The spokesman of the Senate, Yemi Adaramodu, has dismissed claims that lawmakers play to the gallery.
Speaking during an appearance on Channels Television on Tuesday, he said that lawmakers work painstakingly for the best interests of Nigerians.
The spokesman was addressing the controversy surrounding the amendments to the Electoral Act.
Bellnews reports that the Senate on Tuesday amended the Electoral Act, allowing for the electronic transmission of results, but made provision for technical issues that may arise in the course of elections.
In case of internet connectivity failure, the lawmakers said the Form EC8A will remain the primary instrument for result collation.
Adaramodu defended the move, saying it was a thorough job by the lawmakers.
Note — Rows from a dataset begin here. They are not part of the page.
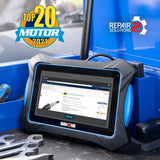 Innova 7111 OBD2 Diagnostic Tablet with Bi-Directional Scanning, ABS Bleeding, TPMS, SRS, Enhanced Data Stream and Reset Functions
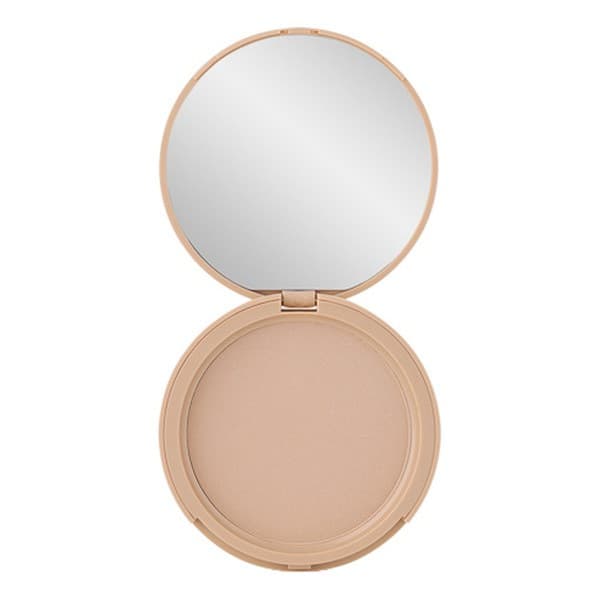 Mgła Pudrowa, rozświetlający puder do twarzy Glowing Powder, 13 golden beige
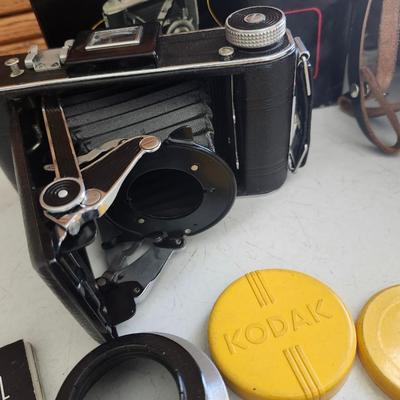 Kodak Tourist Six-20 Camera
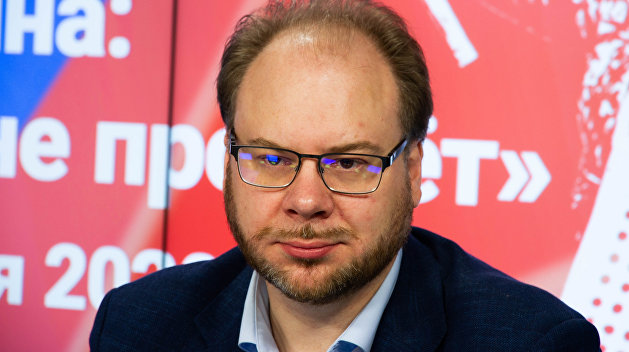 «Не для давления»: Неменский объяснил, для чего нужен «Северный поток-2» «Не для давления»: Неменский объяснил, для чего нужен «Северный поток-2»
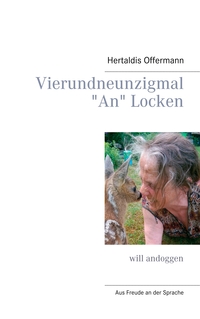Vorderes Coverbild Vierundneunzigmal An Locken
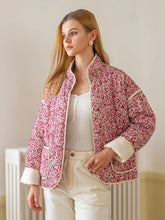 Load image into Gallery viewer, Central Park Quilted Jacket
He said, “Anyone who loves Nigeria will know that what we have done today is the best for Nigeria.
“We don’t play to the gallery. Then the minor minority that are so melodramatic about it, we don’t look at them to make laws because principles of lawmaking are not just something like eating amala.
“We don’t do something that we just wake up just on impulse and just say something, and then you say you have made a law. You have to be very thorough. You have to be very painstaking.
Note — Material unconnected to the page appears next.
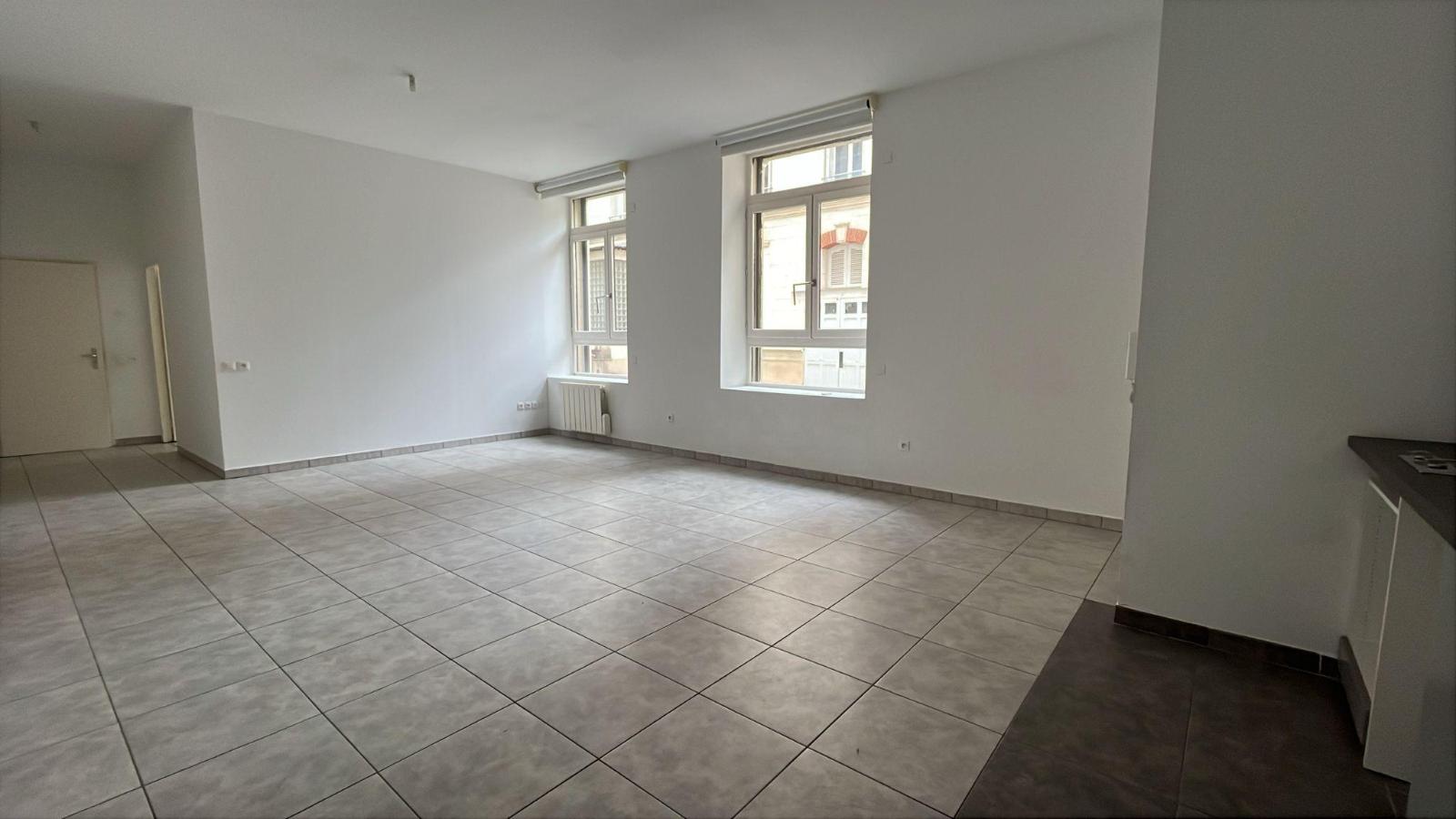 Appartement Rue Michelet à Saint-Étienne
“It must be so painstakingly done that the flaws must not be so latent to the extent that it can repudiate whatever good trust that Nigerians will have in our system.
“So that is why it is not something that we just sleep and just wake up one day and say that we have made laws.”
He said the “shades of opinions about the bill is an indication that Nigeria’s democracy is thriving.”
Senator Adaramodu said, “like we know in Nigeria, and everywhere else where democracy is thriving, and we want democracy to thrive, there will be shades of opinions.
“There will be shadows of ideas, and then we have to listen to all. So that is what happened.”